Murder of Danielle van Dam

Danielle van Dam (September 22, 1994 – February 2002)[2][3] was an American girl from the Sabre Springs neighborhood of San Diego, California, who disappeared from her bedroom during the night of February 1–2, 2002. Her body was found by searchers on February 27 in a remote area. Police suspected a neighbor, David Alan Westerfield, of the killing. He was arrested, tried, and convicted of kidnapping and first-degree murder. He was sentenced to death and is currently incarcerated at San Quentin State Prison.

Danielle van Dam
Danielle Nicole Van Dam.jpg
van Dam in 2001[1]
Danielle Nicole Van Dam

(1994-09-22)September 22, 1994
DisappearedFebruary 1, 2002 (aged 7)
Sabre Springs, California, U.S.
Cause of deathHomicide of undetermined etiology
Body discoveredFebruary 27, 2002, Dehesa, California, U.S.
Known forMurder victim
  • Damon van Dam (father)
  • Brenda van Dam (mother)

The crimeEdit

On the evening of Friday, February 1, 2002, Danielle van Dam's mother Brenda and two girlfriends went out to a bar, called Dad's, in Poway.

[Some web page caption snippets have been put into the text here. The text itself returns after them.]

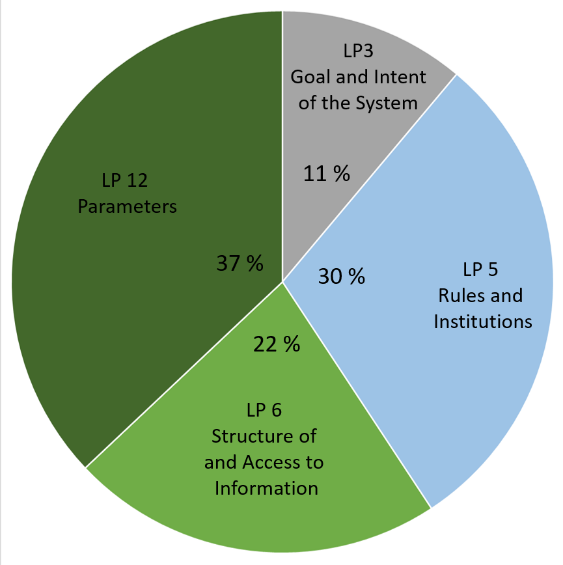 A pie chart showing the percentage distribution of identified practices for every Leverage Points e.g. 37% of data items fit Leverage Point 12 (Parameters)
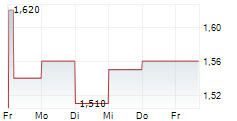 FARMER BROS CO 5-Tage-Chart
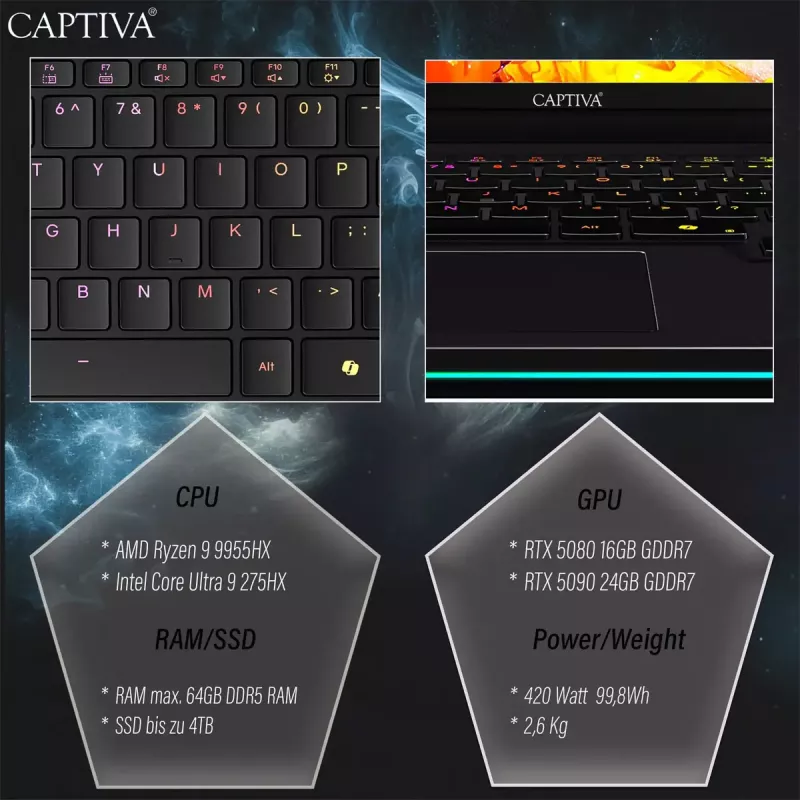 Portátil CAPTIVA 92160 16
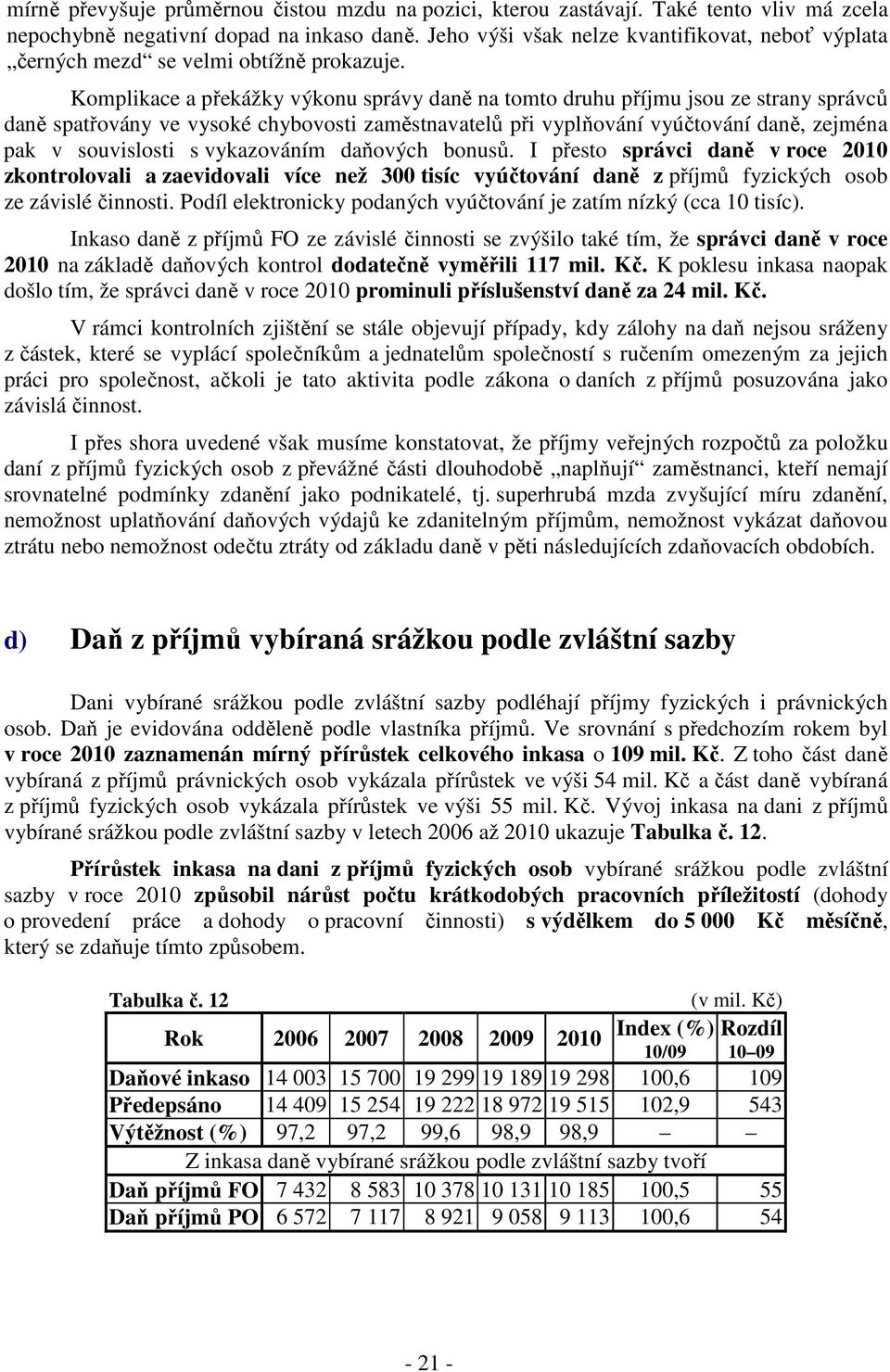 Komplikace a překážky výkonu správy daně na tomto druhu příjmu jsou ze strany správců daně spatřovány ve vysoké chybovosti zaměstnavatelů při vyplňování vyúčtování daně, zejména pak v souvislosti s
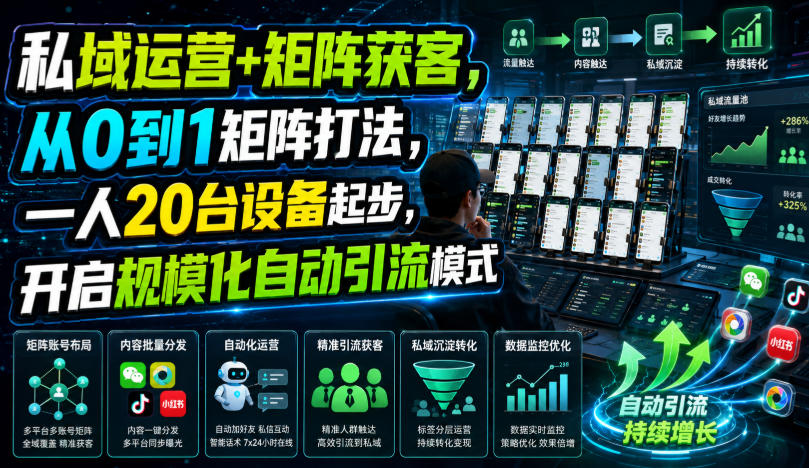 私域运营+矩阵获客，从0到1矩阵打法，一人20台设备起步，开启规模化自动引流模式！| 鹿鸣网创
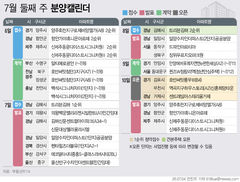 내주 경남 '트리븐김해' 398가구 분양[분양캘린더]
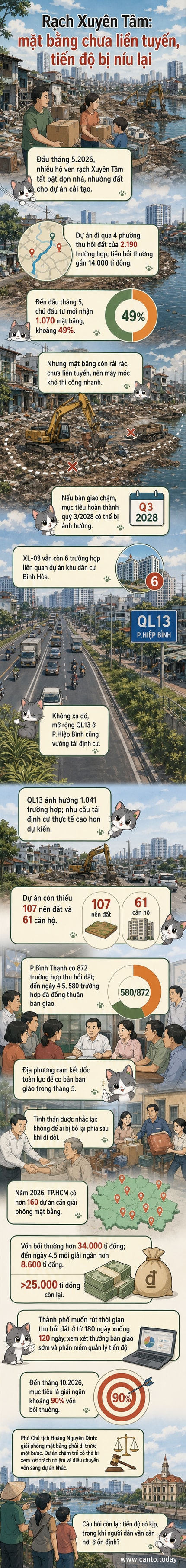 Người dân dọn dẹp nhà cửa dọc tuyến rạch Xuyên Tâm, TP.HCM, để nhường mặt bằng cho dự án cải tạo đô thị.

Danielle's father, Damon, stayed at home with Danielle and her two brothers. Damon put Danielle to bed around 10:30 p.m., and she fell asleep. Damon also slept until his wife returned home at around 2:00 a.m. with four of her friends. Brenda noticed a light on the home's security alarm system was flashing, and discovered that the side door to the garage was open.[4] The six chatted for approximately half an hour then Brenda's friends went home. Damon and Brenda went to sleep believing that their daughter was sleeping in her room. About an hour later, Damon awoke and noticed that an alarm light was flashing. He found the sliding glass door leading to the back yard open, so he closed it. The next morning, Danielle was missing, and her parents called the police at 9:39 a.m.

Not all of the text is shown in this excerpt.